When I see that I realize that that’s how my friend showed me love. We spent so much time together. We had all our classes together, went to church together, she’d sleep over every weekend to go to church with my family, and we shared a love for choir for almost our entire friendship. People thought we were twins, because where you saw one you always saw the other.

She always gave me the gift of presence. She showed up. Both of us being introverted, we supported each other in being courageous in uncomfortable situations. She was a constant friend.

What more could I truly want in a world that can often be so lonely?

My family didn’t go on vacations growing up. That’s something I missed but received from my friend’s family.

My family loved me with affirmation, gifts, and service.

My friend’s family loved her with time.

Both different, but both love.

What I’m trying to say is that many times people might not love you the way you prefer or most understand love, but that doesn’t mean they aren’t loving you. Sometimes it does mean that they don’t truly love you—but not always. I think that is worth thinking about.

So, if the reason birthdays make me sad is no longer because I don’t feel loved by others than what is it?

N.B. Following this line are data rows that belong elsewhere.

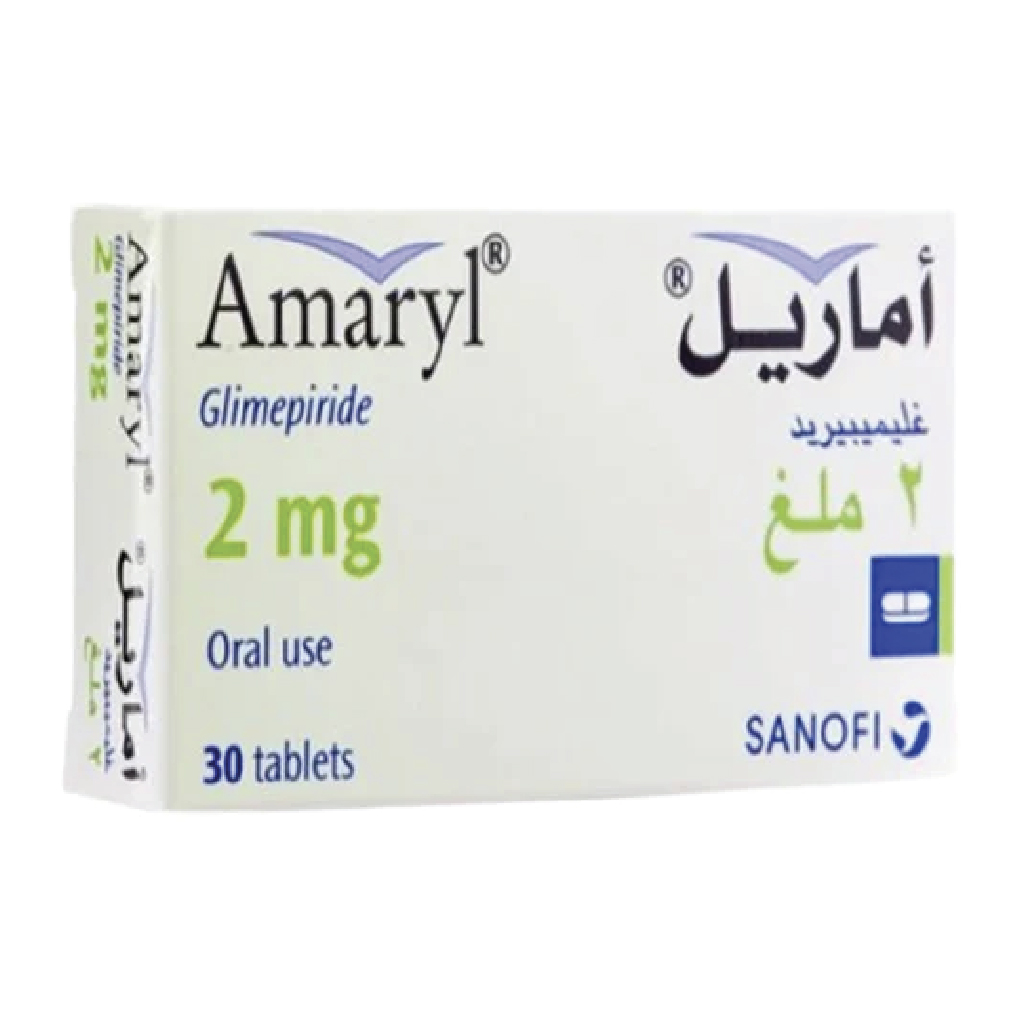 Amaryl Glimeperide 2mg 30 Tablets
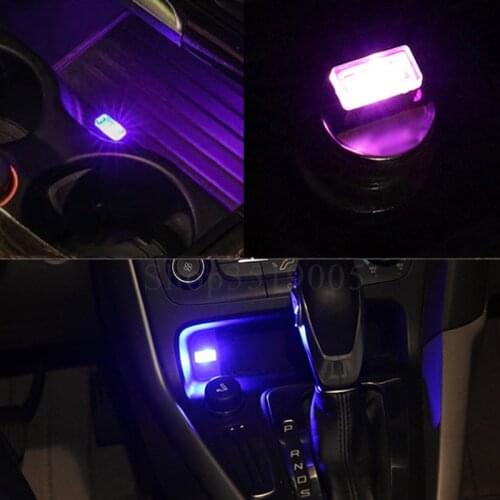 USB LED Light Car Atmosphere Decorative Lamp Accessories For Mercedes Benz GLA X156 GLK X204 GL X164 X166 ML W163 W164 W166 W251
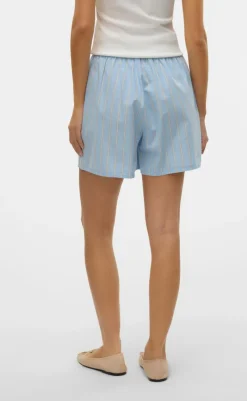 Sale Shorts - Charlotte - Air Blue Cloud Dancer/Twill Shorts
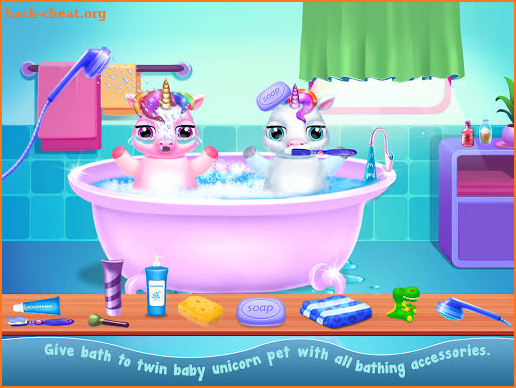 Unicorn Twin Baby Care screenshot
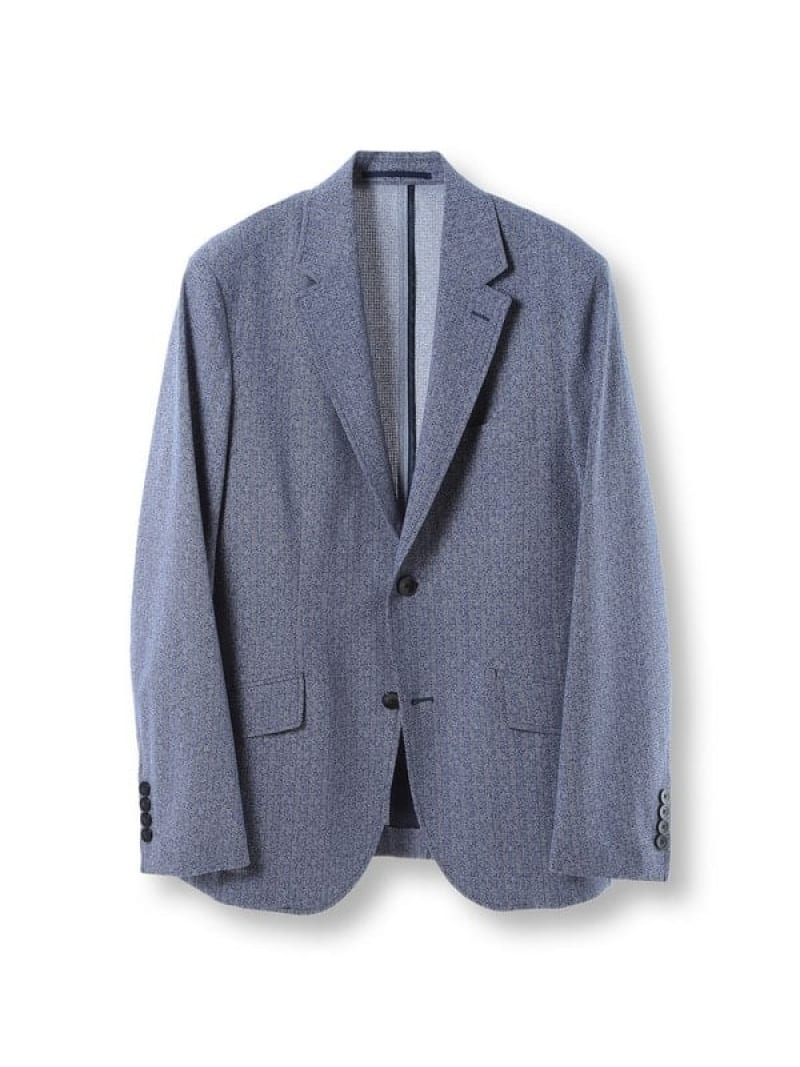 【予約商品について】 ※「先行予約販売中」「予約販売中」をご注文の際は予約商品についてをご確認ください。■重要なお知らせ※ 当店では、ギフト配送サービス及びラッピングサービスを行っておりません。ラッピング・ギフト配送について同時に複数の商品を注文された場合メーカー希望小売価格について置き配についてご利用ガイドMEN'S BIGI（メンズ ビギ）ドットエアーメッシュプリントジャケット＜吸水速乾＞軽量で快適な着心地を追求した通気性抜群のジャケットです。【素材/デザイン】東レの「ドットエアー」素材を採用。トリコット編みのメッシュ構造により、高い通気性とストレッチ性を実現しています。さらに吸水速乾性を備え、汗ばむ季節やアクティブなシーンでも快適に過ごせるのが特徴。生地にはヘリンボーンと千鳥格子柄のプリントを施し、クラシカルでありながらモダンな印象を与えるデザインです。【シルエット】程良くスリムなシルエットに仕上げ、軽やかさと洗練された印象を演出します。【ディテール】両胸に内ポケットを備えています。ジャケット全体に軽量感と快適性を重視した作り。ビジネスだけでなくカジュアルシーンにも対応できる万能なデザインです。同素材のセットアップパンツ（別売り）との組み合わせも可能です。【セットアップ情報】パンツ品番：M0151FP013モデル身長184cm胸囲95cmウエスト78cmヒップ94cm着用サイズ：03（L）【注意事項】※照明・光の加減、PCやスマートフォンなどの環境により、製品と画像のカラーの見え方が異なる場合がございます。※画像はサンプルのため、色味やサイズ等の仕様が変更になる場合がございます。※サイズは弊社規定の採寸によって記載しておりますが、若干の個体差が生じる場合がございます。型番：M0151FJ013-34-178 NX5289【採寸】サイズ身幅肩幅着丈袖丈150.5436858.5252.544.57060354.5467261.5457.5487463商品のサイズについて【商品詳細】中国製素材：ポリエステル62% 複合繊維ポリエステル38%サイズ：1、2、3、4※画面上と実物では多少色具合が異なって見える場合もございます。ご了承ください。商品のカラーについて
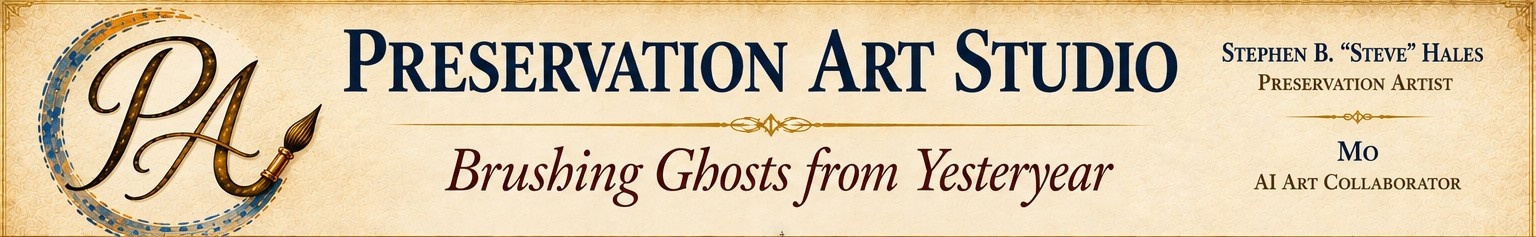Preservation Art Studio home-page header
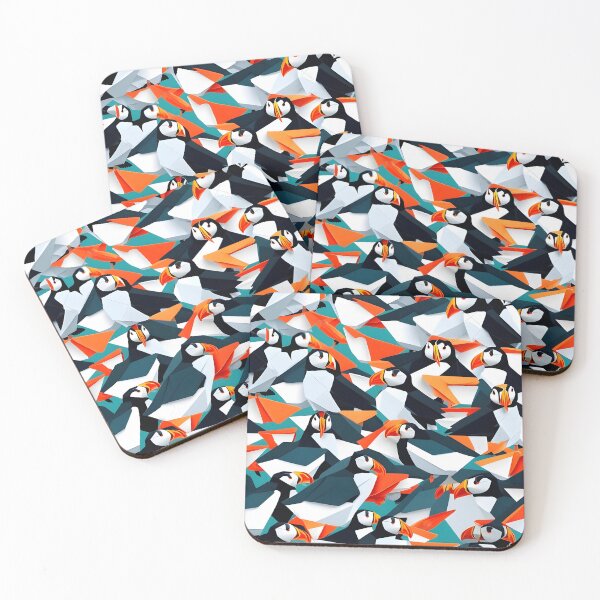 Item preview, Origami Art - Puffinopolis - Wings, Beaks, and Fish designed and sold by ArtfulFolds.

*warning* this next part gets a bit sadder

Two weeks before my birthday comes, I start to feel it. I feel sad because time is passing me by. I start borrowing feelings from the future of what could be, and what I feel inevitably will be. I think about how it will feel when my parents are dead. I think about what it will be like and what I will do, if marriage truly isn’t what life has for me–which usually leads to asking God to help me be ok with that. I start thinking of all the time I’ve wasted, and all the endeavors I could be pouring passion and discipline into.

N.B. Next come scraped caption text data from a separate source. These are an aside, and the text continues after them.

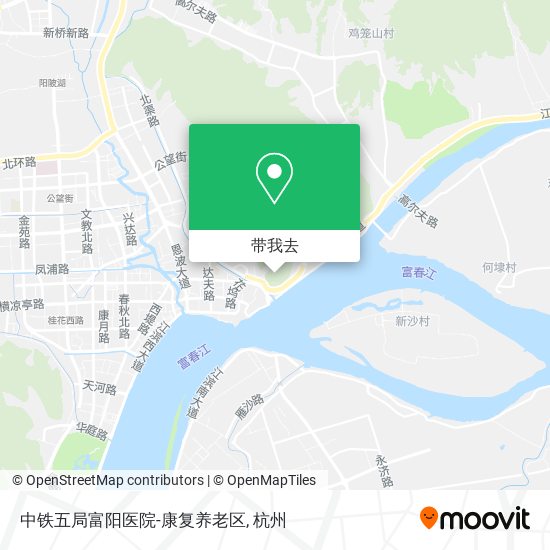 中铁五局富阳医院-康复养老区地图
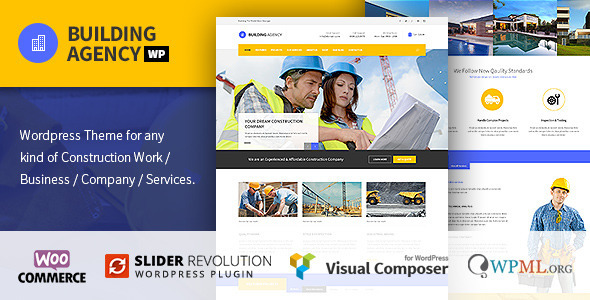 Building Agency Preview Wordpress Theme - Rating, Reviews, Preview, Demo & Download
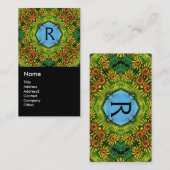 SUNFLOWERS MONOGRAM VISITEKAARTJE (Voorkant / Achterkant)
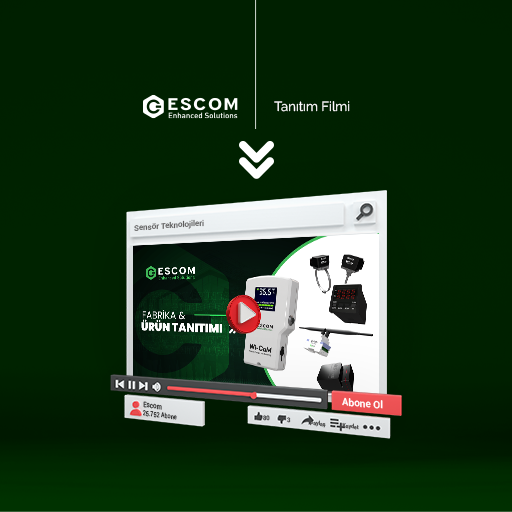 Escom 3D Model Sensortechnologieën Reclamefilm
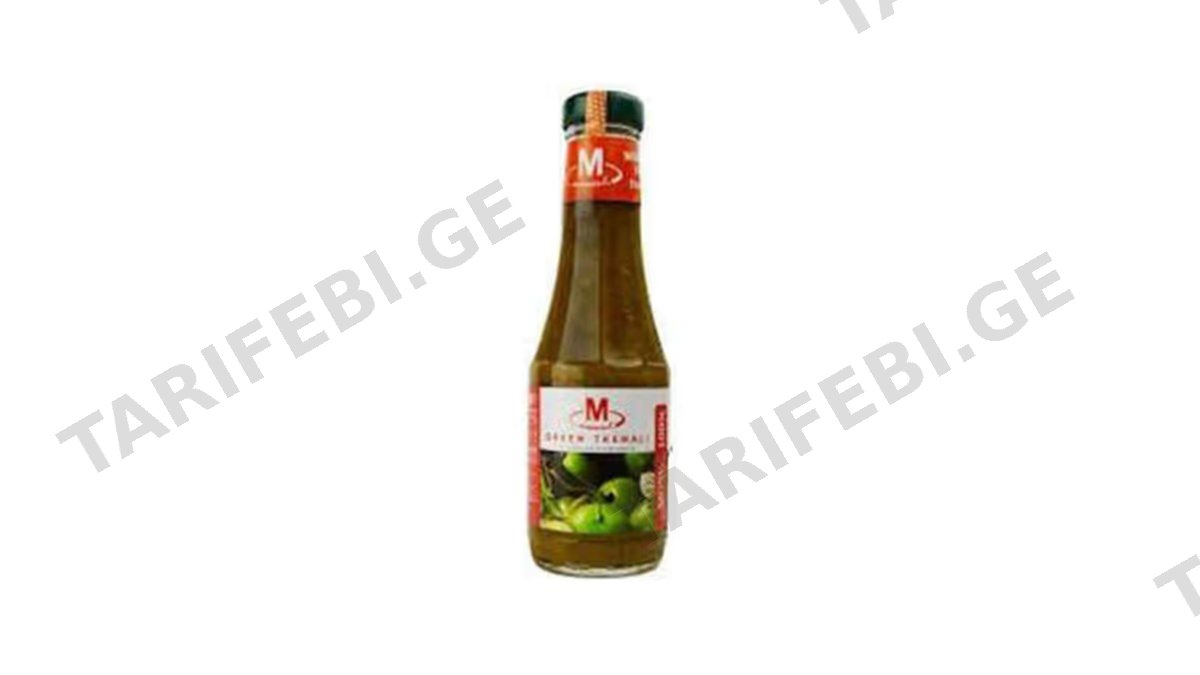 M- ტყემალი მწვანე 530გრ.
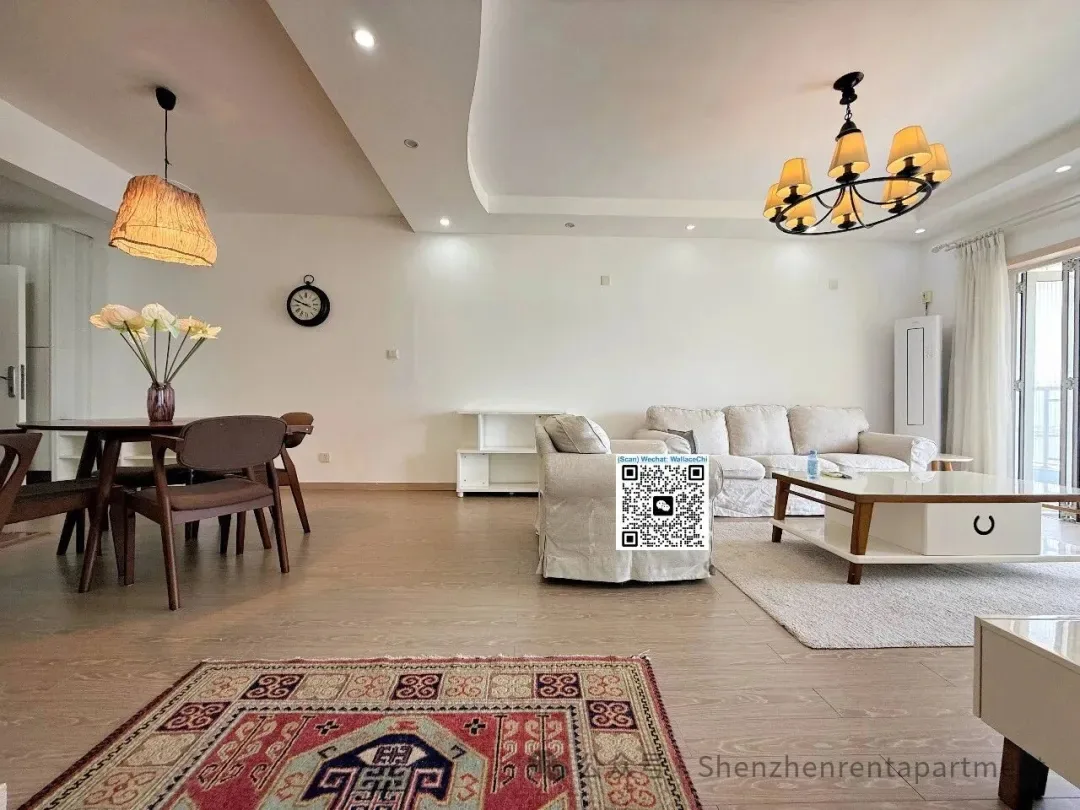 Shuiwan MTR | 92㎡ 3BR | Open kitchen | Seaview | Furnished | ¥9,800/Mth — main photo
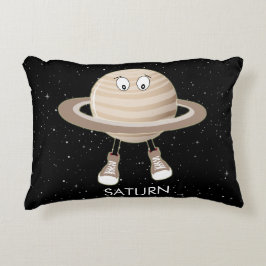 Almofada Decorativa Planeta Saturno e estrelas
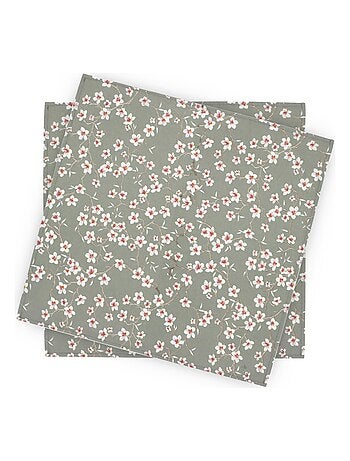 Lot de 2 sets de table enduit AMANDIER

I feel like I’ve failed (because high expectations!) and I spend time wondering when this will all be over. When will this earth pass away so we can be restored? My heart longs to be at peace. It longs to be at rest–for anxiety to no longer rush through my veins. Gosh, have you ever felt like that? I know I’m not the only one.

I’m tired.

I’m tired of thinking. Of failing–or really just fearing failure. I’m tired of second guessing myself and wondering who I can trust.

I’m tired of pain.

I’ve written before (embracing sadness) on how I often sense that sadness always lingers underneath my joy. Not that my joy is fake. I believe joy is given to me by God, along with strength to be resilient in the face of terribly difficult circumstances or emotions. I believe that sadness and joy can coexist.

More recently, I’ve been sad because there’s parts of life that are moving forward that I don’t feel ready to let go of yet. My best friend is dating this awesome guy, and it’s so hard feeling simultaneously so so happy that she’s found this love, but also feeling an anxiety and dread for the time when I can’t live with her anymore. She’s my best friend. My family. The person I can fully be myself around. We do life together so well and I’m not ready for anything different. So I guess this birthday is reminding me that I’m going to be 24 and this time next year my friend could be married, and it makes me feel like I’ll be alone. It’s not even about wanting to be married too. It’s about not wanting to lose such a good, life giving way of friendship.

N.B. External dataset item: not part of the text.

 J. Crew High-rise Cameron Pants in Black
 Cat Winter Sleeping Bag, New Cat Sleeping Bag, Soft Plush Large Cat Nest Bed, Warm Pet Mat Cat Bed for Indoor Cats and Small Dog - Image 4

Birthdays are kind of like the January of my life. I think of the past, the present, and the future and get weighed down by rational, irrational, and just straight up existential thoughts.

Birthdays make me sad. But sometimes they also give me hope—and I feel some of that hope starting to settle in. I’m going to write about the other spectrum of emotion I feel about birthdays sometime this week (turning 24 this Saturday!)

But for now, I think I’m going to leave this here.

2 thoughts on “birthdays make me sad.

  1. Thank you so much for sharing Jessie, you have such a gift for writing. I can relate to this so much. I’m very nostalgic around my birthdays as well, especially recently. Each year seems to fly by.